• Long Beach Breeze

The city of Long Beach receives $16.8M for Beatline Parkway Project

Four days after the November 15 passage of the Biden administration’s $1T infrastructure bill, Secretary of Transportation Pete Buttigieg announced that the City of Long Beach would receive $16.8M of those federal dollars for its Beatline Parkway Project.

Jenny Levens, the community affairs director for the City of Long Beach, says the receipt of funds marks the end of a years-long drought of federal funding for the project.


“We applied for a few years,” Levens said. “This year, the application was due in July, and that is the application [from which] we got notice that we received funds.”

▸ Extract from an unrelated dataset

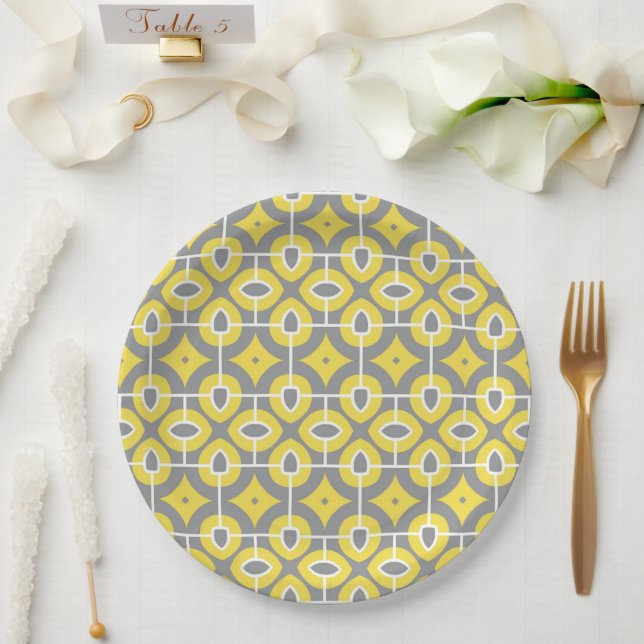 Modernes, trendy graues und weißes Mosaikmuster Pappteller (Hochzeit)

The funds will make a massive infrastructure project possible for the coastal city, as the Beltline Parkway project aims to connect Highway 90 to Beatline Road with a five-lane roadway. The construction of the five-lane roadway will include the CSX railroad crossing and will stretch north of Canal Number One, thus completing a right-of-way acquisition to the Johnson Road intersection. Officials say that this new construction will provide needed safety benefits to the coastal community, as the Beatline Parkway will be the only four-lane evacuation route in West Harrison County for both the city of Long Beach and neighboring Pass Christian.


City officials say this will facilitate the City’s ability to get relief services in and out during weather disasters, particularly as the route would not be easily susceptible to the flooding that plagues other Long Beach roadways. The flooding issue would also be alleviated through the design of the Beatline Parkway, which is intended to remove dangerous and ineffective drainage ditches and replace them with more effective drainage options.

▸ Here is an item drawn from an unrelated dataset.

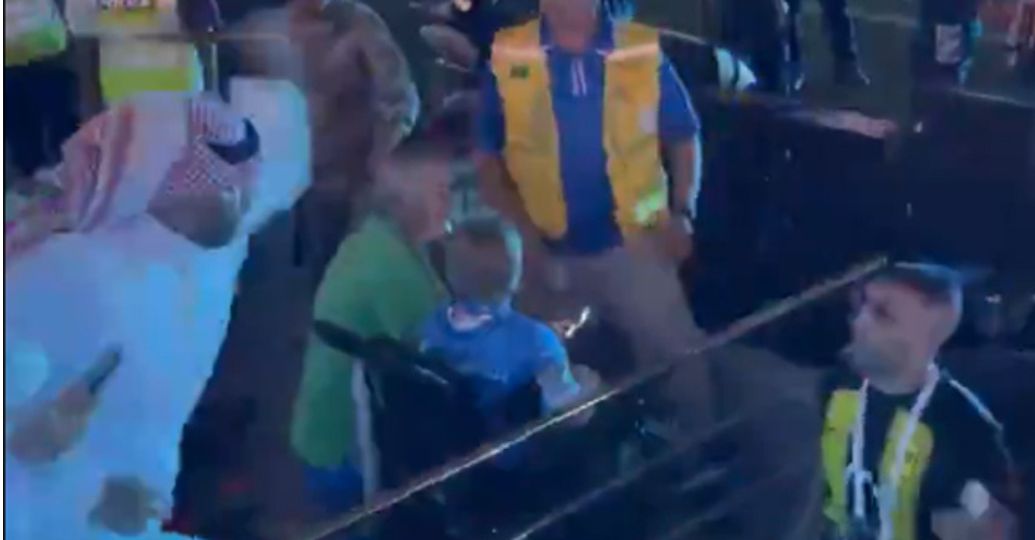 ¡Insólito! Un hincha atacó a latigazos a un jugador en Arabia Saudita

In addition to these improved flooding-prevention measures, the Beatline Parkway project is also slated to improve traffic conditions, as the plan includes modern traffic control systems intended to allow a greater flow of vehicles to pass through the area uninhibited, without any detriment to traveler safety. This improved flow would come primarily through the rerouting and straightening of the pair of ninety-degree turns that presently exist on the parkway, along with the addition of a number of intersection enhancements. Such enhancements would affect the I-10, Red Creek, 28th Street, Daugherty Road, Pineville, CSX Crossing, Railroad Street, 2nd Street, and Hwy-90 intersections. Despite this projected increase in traffic, current plans are hopeful that the residential area around CSX Crossing could still be considered a “quiet zone” for residents.


These improvements are also expected to affect foot traffic and bicyclists, as plans for the five-lane project call for including separate lanes for bikers and runners/walkers, which the City of Long Beach hopes will be appealing to both current Long Beach activity enthusiasts and those looking to relocate in an active community.